Dari sisi keikutsertaan, Format 24 tim gagasan Michel Platini, meski banyak ditentang, akhirnya disepakati sebagai format resmi kejuaraan berkat upaya keras sang legenda semasa menjabat Presiden UEFA. Gagasan yang akhirnya memakan anak bangsanya sendiri setelah kita tahu, pada partai final di tanah sendiri keok oleh tim besutan Fernando Santos, tim peringkat tiga di fase grup yang hanya menang sekali dalam waktu normal, tetapi yang nyawanya dipompa oleh luka yang mereka dapat 12 tahun lalu. Michel Platini seakan menuai karma di Stade de France.

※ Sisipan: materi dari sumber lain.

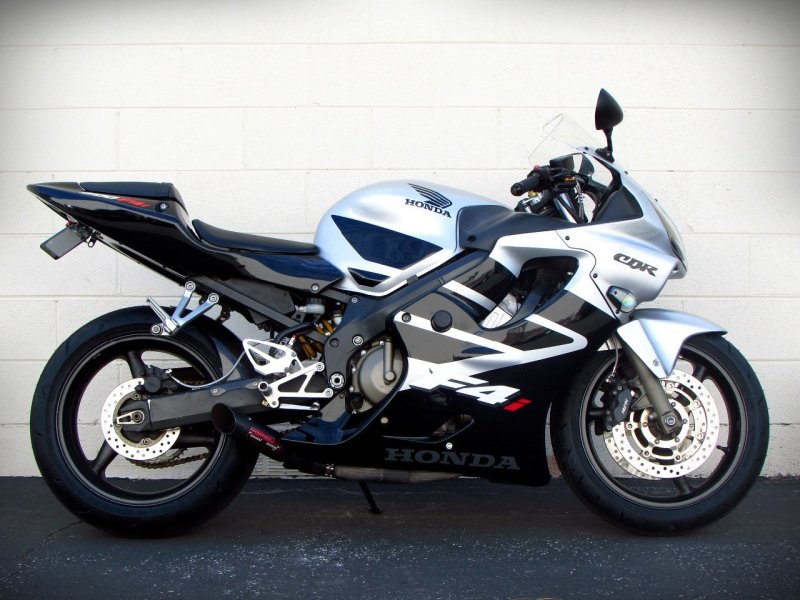 Honda CBR f4i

Partai final terakhir yang melibatkan tuan rumah terjadi 12 tahun lalu. Portugal yang kala itu bertindak sebagai tuan rumah Piala Eropa 2004, kandas di tangan Yunani di partai puncak. Selecao harus menerima pil pahit usai Angelos Charisteas melesakkan satu-satunya gol di menit 57.
Bisa disebut, gelaran final Euro 2016 adalah mimesis sempurna fragmen Yunani dua belas tahun lalu. Bedanya, di Prancis kali ini sebutan pemenang harus mereka raih dalam jarak sejauh 109 menit, tepatnya sampai momen ketika Eder menghukum Hugo Lloris dengan sepakan keras kaki kanannya di babak kedua perpanjangan waktu. (T)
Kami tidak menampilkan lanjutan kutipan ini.